Image: Eppstein, David (2008). Public domain.
Bloom Filter
Every time a Firefox user visits a TLS-protected website, the browser checks whether that site’s certificate has been revoked. A revoked certificate means the site’s identity can’t be trusted. The traditional approach queries the certificate authority (CA) on every connection, a network call that leaks which sites you visit and fails if the CA’s server is unreachable.
Mozilla ships a compressed representation of every revoked certificate on the internet directly to Firefox. On every HTTP/TLS connection, Firefox checks the certificate’s revocation status against the local copy. If the result is “definitely not revoked,” the connection proceeds. If the result is “might be revoked,” Firefox falls back to a live query. The fallback happens rarely.
The local data structure, called CRLite, was[10] implemented as a cascade of Bloom filters, each layer handling the false positives of the previous one.
What a Bloom Filter Does
A Bloom filter is a probabilistic data structure for testing set membership. Burton Howard Bloom invented it in 1970 to check membership without storing the members[1].

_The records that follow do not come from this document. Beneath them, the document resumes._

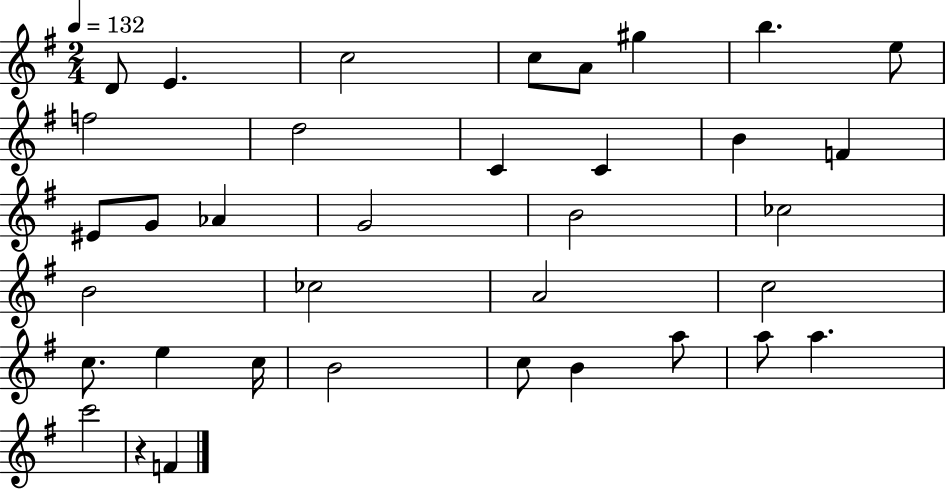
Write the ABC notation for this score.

X:1
T:Untitled
M:2/4
L:1/4
K:G
D/2 E c2 c/2 A/2 ^g b e/2 f2 d2 C C B F ^E/2 G/2 _A G2 B2 _c2 B2 _c2 A2 c2 c/2 e c/4 B2 c/2 B a/2 a/2 a c'2 z F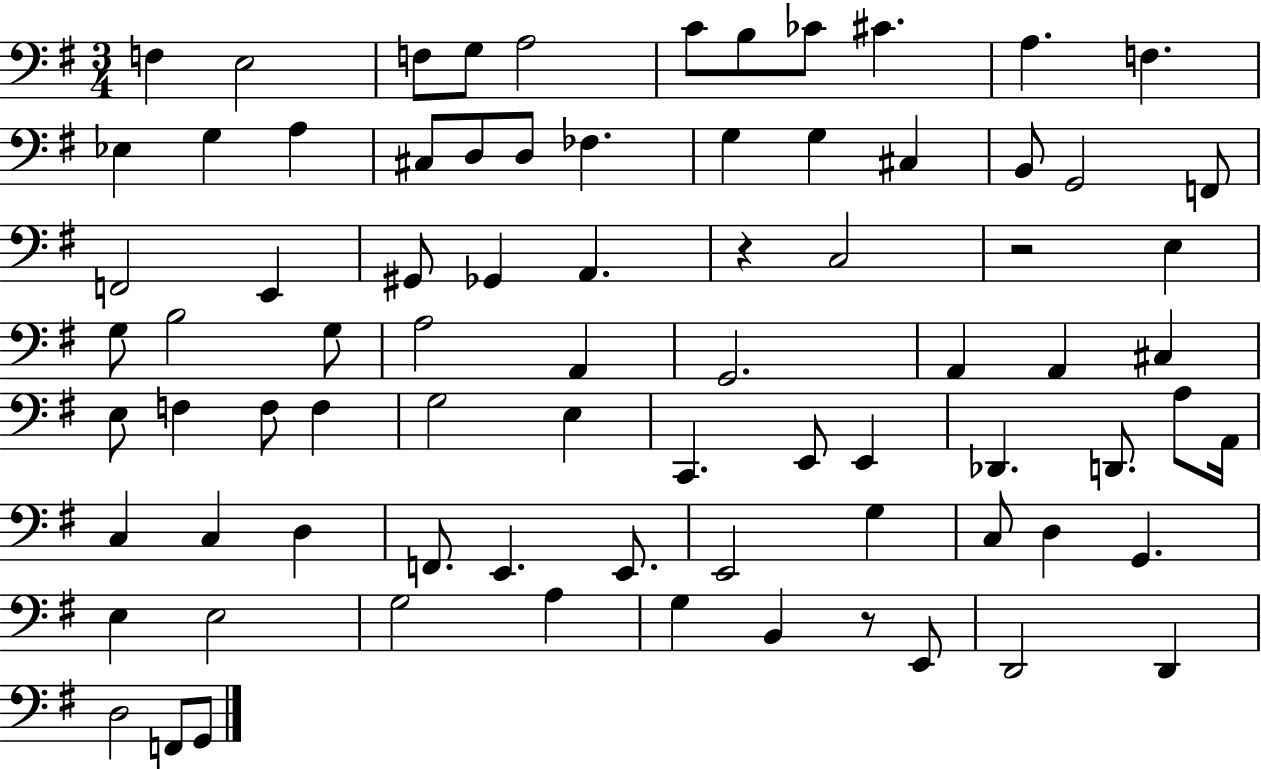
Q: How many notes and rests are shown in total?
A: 79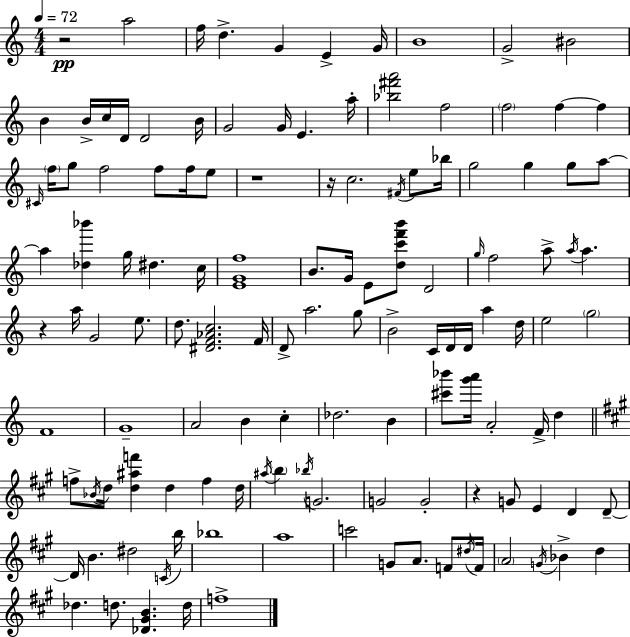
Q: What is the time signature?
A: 4/4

The structure is a bit array, all initialized to zero. Adding an item means running it through k hash functions, each producing an index into the array, and setting those k bits to 1. Testing an item means running it through the same k hash functions and checking those k bits. If any bit is 0, the item is definitely not in the set. If all k bits are 1, the item is probably in the set.

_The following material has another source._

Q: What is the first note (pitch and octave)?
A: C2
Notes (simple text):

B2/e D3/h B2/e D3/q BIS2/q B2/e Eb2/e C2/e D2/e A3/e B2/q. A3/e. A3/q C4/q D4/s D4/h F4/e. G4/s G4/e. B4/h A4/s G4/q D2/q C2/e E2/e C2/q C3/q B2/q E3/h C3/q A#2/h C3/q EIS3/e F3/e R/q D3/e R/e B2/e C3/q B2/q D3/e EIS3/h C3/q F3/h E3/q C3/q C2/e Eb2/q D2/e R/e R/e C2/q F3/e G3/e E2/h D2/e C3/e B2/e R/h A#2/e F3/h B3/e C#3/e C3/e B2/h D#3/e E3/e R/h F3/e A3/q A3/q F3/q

Multiple items can hash to overlapping positions. When all of a tested item’s bits are already 1, those bits might have been set by other items. That’s a false positive. But false negatives are impossible. If an item was added, its bits were set, and the test always returns positive.
This asymmetry is the design. The filter guarantees absence but only approximates presence. Every use case depends on that guarantee.
Adding and testing both run in constant time. Each executes exactly k hash functions, regardless of set size.
A hash set of one million strings needs 50 to 100 megabytes. A Bloom filter for the same set needs a few megabytes[2], at the cost of occasional false positives.
Tune the False Positive Rate
The false positive rate depends on bit array size, hash function count, and items added[2].
At 10 bits per item, the false positive rate is around 1%. At 5 bits, it’s around 10%. At 15 bits, it drops below 0.1%. More space buys lower error. The calculator at hur.st/bloomfilter works backward from a target error rate and item count to the exact bit array size and hash function count.
Mozilla’s CRLite filter encodes the revocation status of nearly a billion certificates in a 4 megabyte snapshot shipped to Firefox every 45 days[9][10]. The fallback to a live query happens so rarely that users don’t notice.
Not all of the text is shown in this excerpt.